5. Selon l'article 515-11, 1° et 1° bis, du code civil, l'ordonnance est délivrée si le juge aux affaires familiales estime, au vu des éléments produits devant lui et contradictoirement débattus, qu'il existe des raisons sérieuses de considérer comme vraisemblables la commission des faits de violence allégués et le danger auquel la victime ou un ou plusieurs enfants sont exposés.
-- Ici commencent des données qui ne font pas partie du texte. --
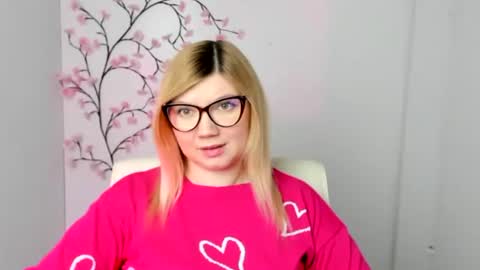 Molly online show from February 3, 1:15 pm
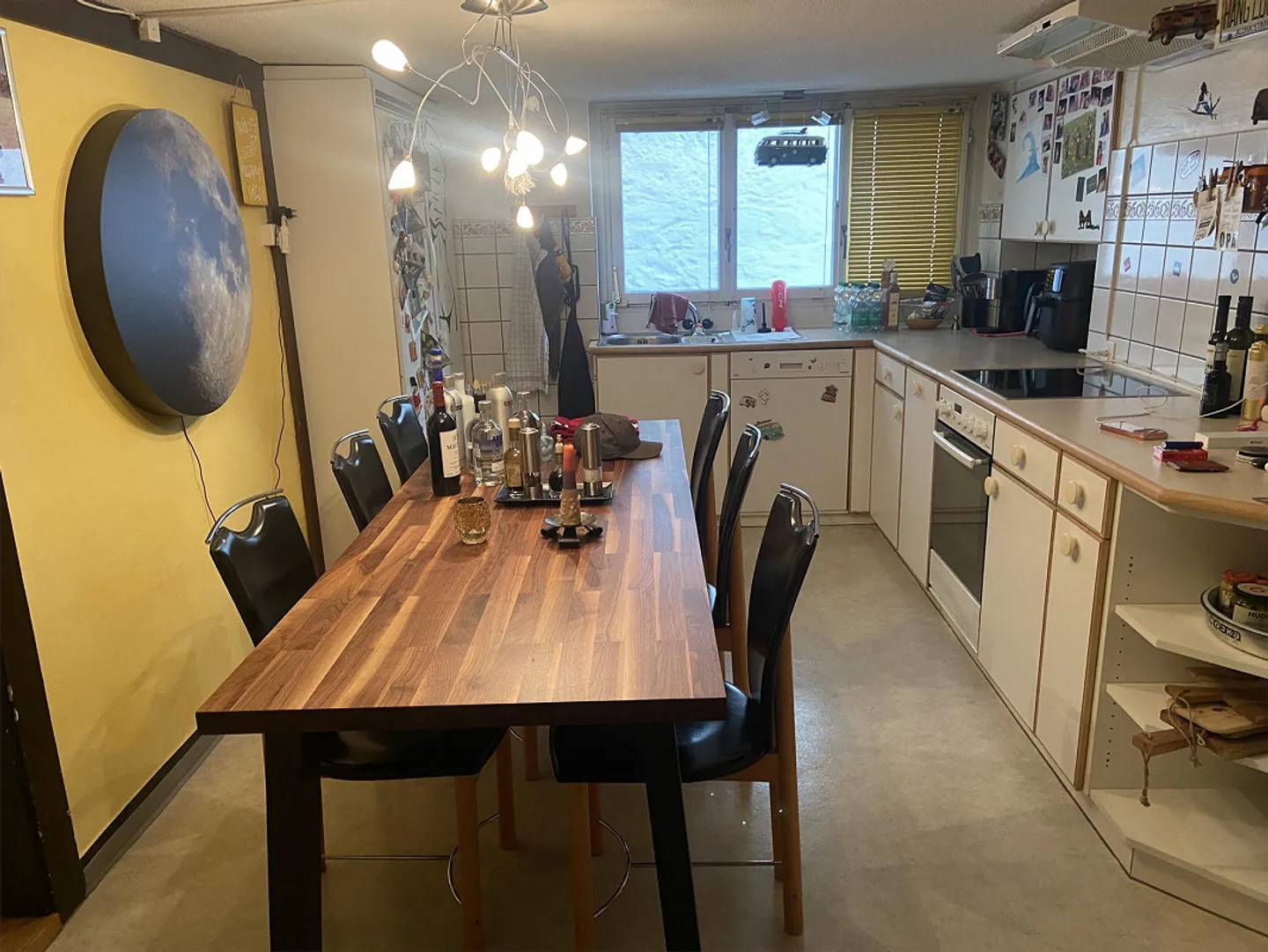 Historical residential building with 4 apartments and barn with development potential - Photo 10 of 21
A l'occasion de sa délivrance, après avoir recueilli les observations des parties sur les mesures, le juge aux affaires familiales est compétent pour interdire à la partie défenderesse de recevoir ou de rencontrer certaines personnes qu'il désigne spécialement, ainsi que d'entrer en relation avec elles, de quelque façon que ce soit et pour interdire à la partie défenderesse de se rendre dans certains lieux qu'il désigne spécialement dans lesquels se trouve de façon habituelle la partie demanderesse.
6. Il résulte de ces textes que, lorsque le juge aux affaires familiales estime qu'il existe des raisons sérieuses de considérer comme vraisemblables la commission des faits de violence allégués et le danger auquel est exposée la victime et que celle-ci est parent d'un ou plusieurs enfants, il peut, pour assurer sa protection, interdire à la partie défenderesse de recevoir ou de rencontrer le ou les enfants, ainsi que d'entrer en relation avec eux, de quelque façon que ce soit, autrement qu'à l'occasion du droit de visite qu'il lui a, le cas échéant, accordé, et de se rendre au domicile familial où la victime demeure avec eux.
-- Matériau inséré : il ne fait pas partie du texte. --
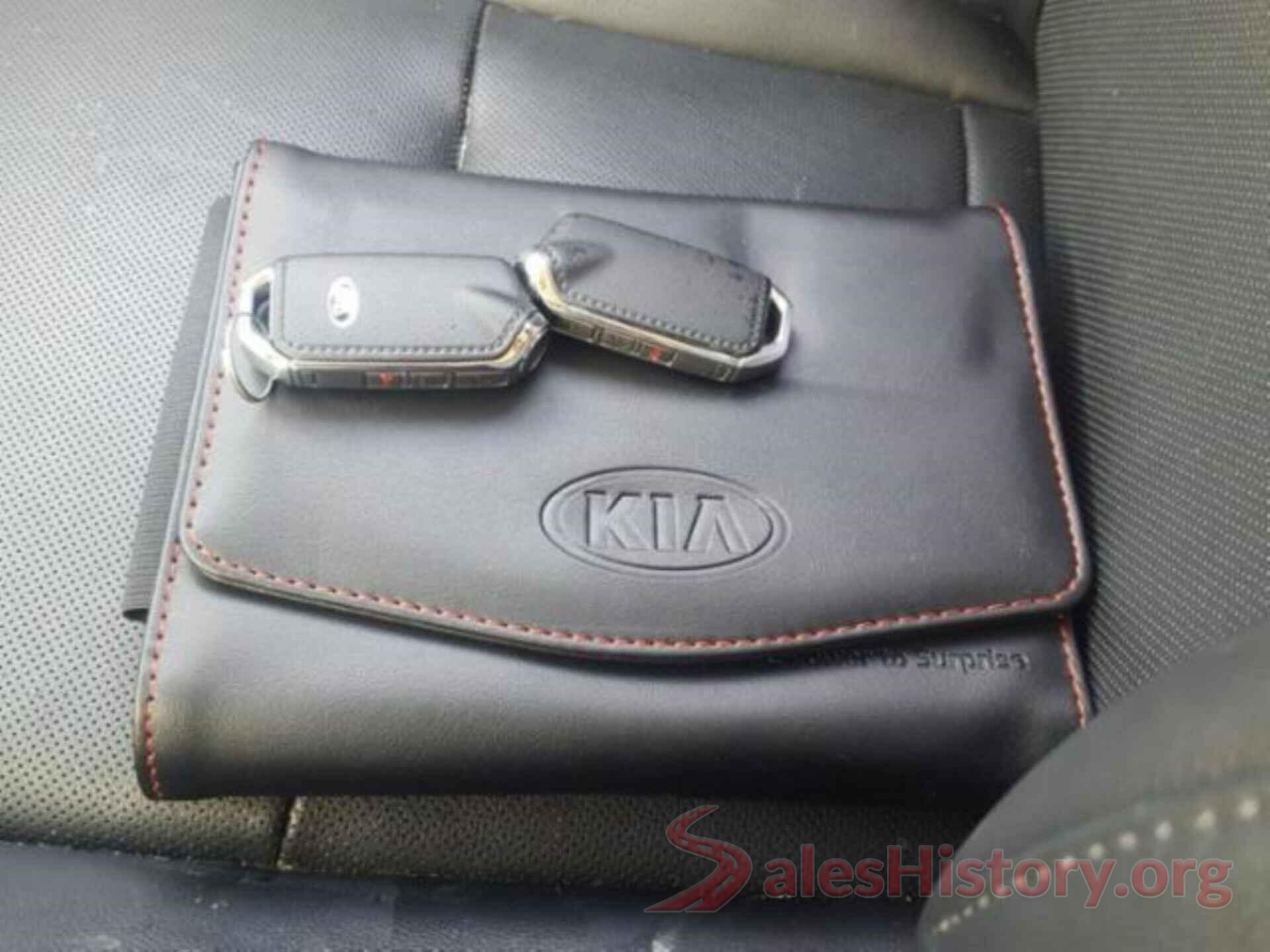 KNAE15LA8J6013501 2018 KIA STINGER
7. Ayant retenu qu'il existait des raisons sérieuses de considérer comme vraisemblables les violences alléguées et le danger auquel était exposée Mme [P], la cour d'appel, qui n'avait pas à se prononcer sur l'existence d'un danger encouru par l'enfant, a estimé qu'il devait être fait interdiction à M. [V] de recevoir ou de rencontrer l'enfant commun [H] ou d'entrer en relation avec lui autrement qu'à l'occasion des droits de visite qu'elle a organisés, et a, par ces seuls motifs, légalement justifié sa décision.
8. Le moyen n'est donc pas fondé.
PAR CES MOTIFS, la Cour :
REJETTE le pourvoi ;
Condamne M. [V] aux dépens ;
En application de l'article 700 du code de procédure civile, rejette la demande formée par M. [V] et le condamne à payer à Mme [P] la somme de 3 000 euros.
Ainsi fait et jugé par la Cour de cassation, première chambre civile, et prononcé par le président en son audience publique du vingt-trois mai deux mille vingt-quatre.